Знакомясь с Лючией Лаудон, Маклай вдруг почувствовал, что у него похолодело сердце: тонкими чертами лица и грациозными движениями она привела его в смятение. Месяцами он наблюдал и зарисовывал многих женщин и девушек, почти совершенно обнажённых, и среди них некоторых вполне и привлекательных. Но он изначально осматривал их как предмет изучения, стараясь не думать о них как объектах вожделения. Это вошло в привычку. Он ясно сознавал, что стоит хоть раз не совладать с похотью, стремлением удовлетворить половую потребность без любви, как затем уже не удастся побороть искушение наслаждаться снова и снова, пользуясь особым положением среди туземцев. Да и положение это будет уязвимым: он станет одним из них, пусть даже повелителем, вождём, именно султаном...

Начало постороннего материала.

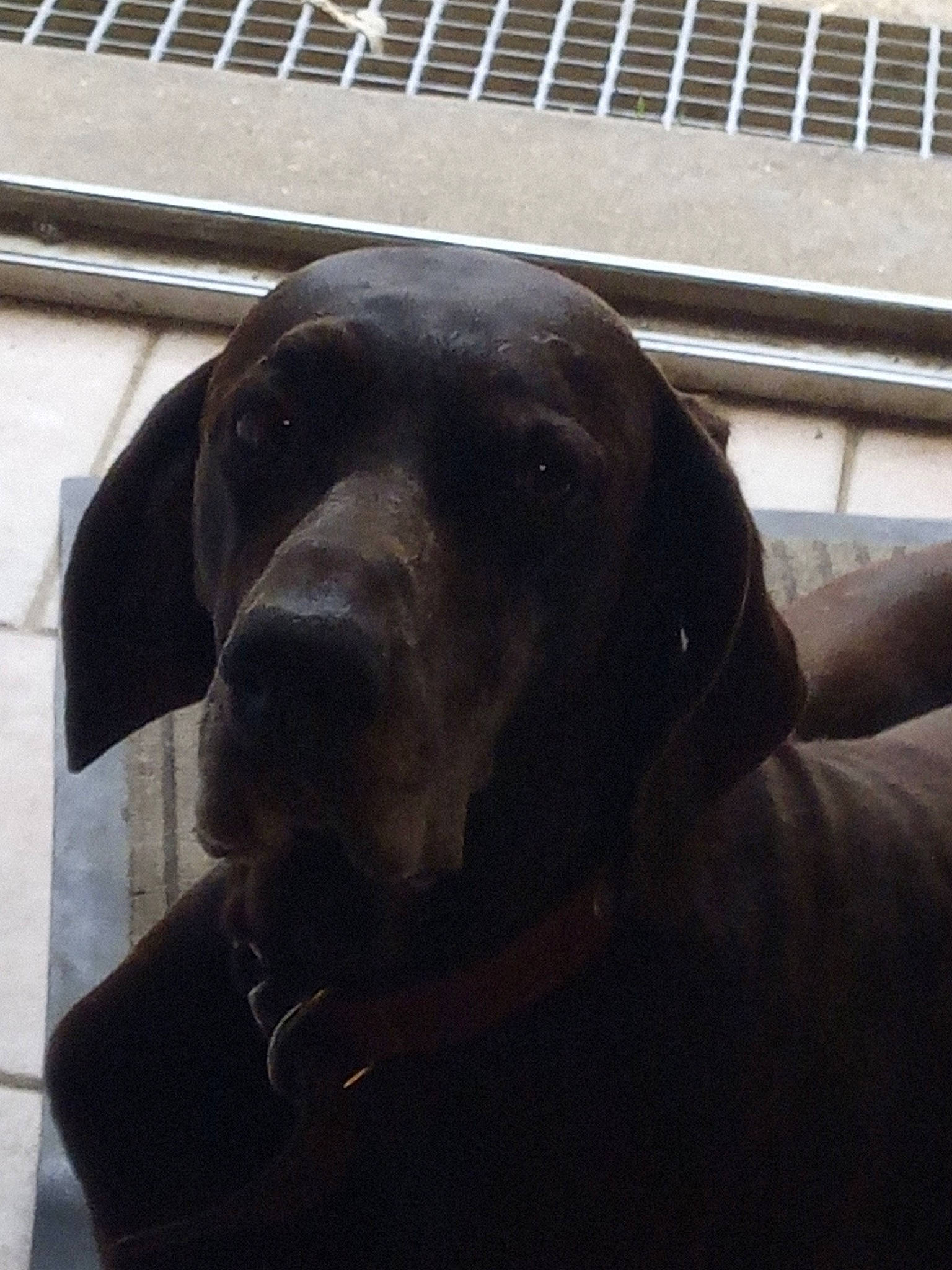 Gamine a rejoint le concours — aidez-le/la à gagner de superbes lots ! borador, canidae, carnivore, comfort, companion_dog, dog, dog_breed, dog_collar, fur, guard_dog, gun_dog, head, liver, metal, snout, sporting_group, vertebrate, whiskers, working_animal, working_dog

Теперь перед ним красивая женщина в европейском наряде, и он смотрит на неё вовсе не как исследователь. Он – молодой мужчина, который долго был лишён женского общества. Ошеломлённый встречей, смотрит пристальным взглядом светло-карих глаз. Гость представился, насупясь, как юноша, стараясь не выдать своего волнения.

Первая встреча – лишь предчувствие, которое может и обмануть. Но ему приходилось встречаться с Лючией (конечно, в присутствии детей и няни), бродить с ней по парку, рассказывая о своих приключениях среди так называемых диких. Почему-то всех интересовало, попадались ли ему людоеды, охотники за черепами. Смеясь, он говорил, что наиболее активным и неутомимым охотником за черепами на берегу Маклая был он, а дикари предпочитают разводить культурные растения, кур и свиней, так что вполне могут считаться культурными, хотя и не в европейском смысле.

Маклай часто уезжал в город, где проводил несколько часов в морге, препарируя черепа представителей разных племён и проводя сравнительно изучение их мозга. Он всё более убеждался в том, что вес, объем и строение мозга у жёлтых или чёрных ничем не отличаются от таких же показателей белой расы. Если бы это удалось убедительно доказать, то были бы окончательно подорваны позиции многих учёных, которые, включая уважаемого Рудольфа Вирхова, поощрявшего его исследования, убеждены в биологических преимуществах белой расы. Однако до сих пор не было накоплено достаточно много фактов для статистически достоверных обобщений.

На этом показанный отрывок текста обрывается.